The Reclamation Project’s Southern Maryland GU272 — Jesuit Enslaved Descendant Gathering over the Labor Day weekend drew hundreds of people who, in addition to touring the plantations and historic churches in that region, also gathered at St. Mary’s College in St. Mary’s City for presentations from scholars and testimonies from fellow descendants. The four days of activities closed with a Mass at St. Peter Claver Church in St. Inigoes. and participants then attended the annual parish festival there.
For Toni Ann Semple, a professional singer from the New York borough of Queens, the weekend was about “connecting the dots for our family. … I think God gave us grace, because he gave us the opportunity to spend time with family and get connected to our family roots.” At the hotel where descendants stayed during the weekend, Semple “sang to my family” in an impromptu performance for fellow descendants.
Like other descendants that weekend, her sister Bernadette Semple wore a badge with the names of enslaved family ancestors connected to that Georgetown sale, including Barnes, Butler, Dorsey and Hawkins. Bernadette Semple, a retired Navy commander who now works in cybersecurity, noted that her maternal grandmother and great-grandmother came from the Southern Maryland area.
Connecting with the fellow descendants showed “that we’re not alone,” she said. “For so long, we thought we were the only Catholics in our family.”
Bernadette Semple noted it was “heartbreaking to hear our ancestors were sold.” She added, “We were all educated by the Sisters of St. Joseph, we all went to Jesuit colleges.

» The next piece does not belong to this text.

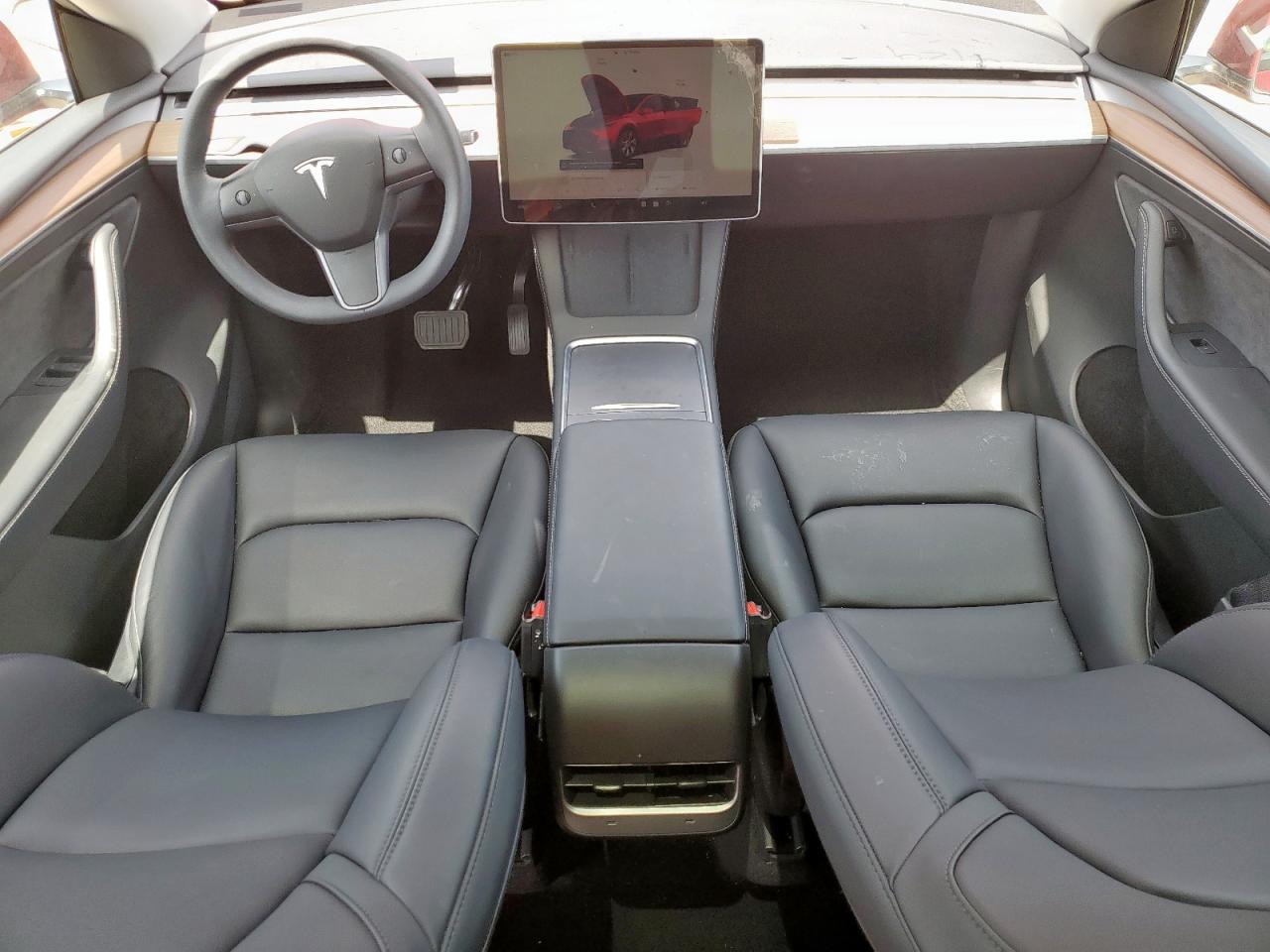 2024 Tesla Model Y VIN: 7SAYGAEE8RF011466 Lot: 63335145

The church has always been supportive of our family, it’s always been in our lives.”
Asked about the challenge of reconciling that history with her family’s long-standing connections to the Catholic Church, Bernadette Semple said, “If I have a role in this, I want to help with the healing.”
She praised the strength of her enslaved ancestors. “They were resilient. They were faithful,” she said, also underscoring the important role African Americans played in the history of Maryland and the United States. “We always knew we belonged here. We were among the first Americans. Now we need to claim that.”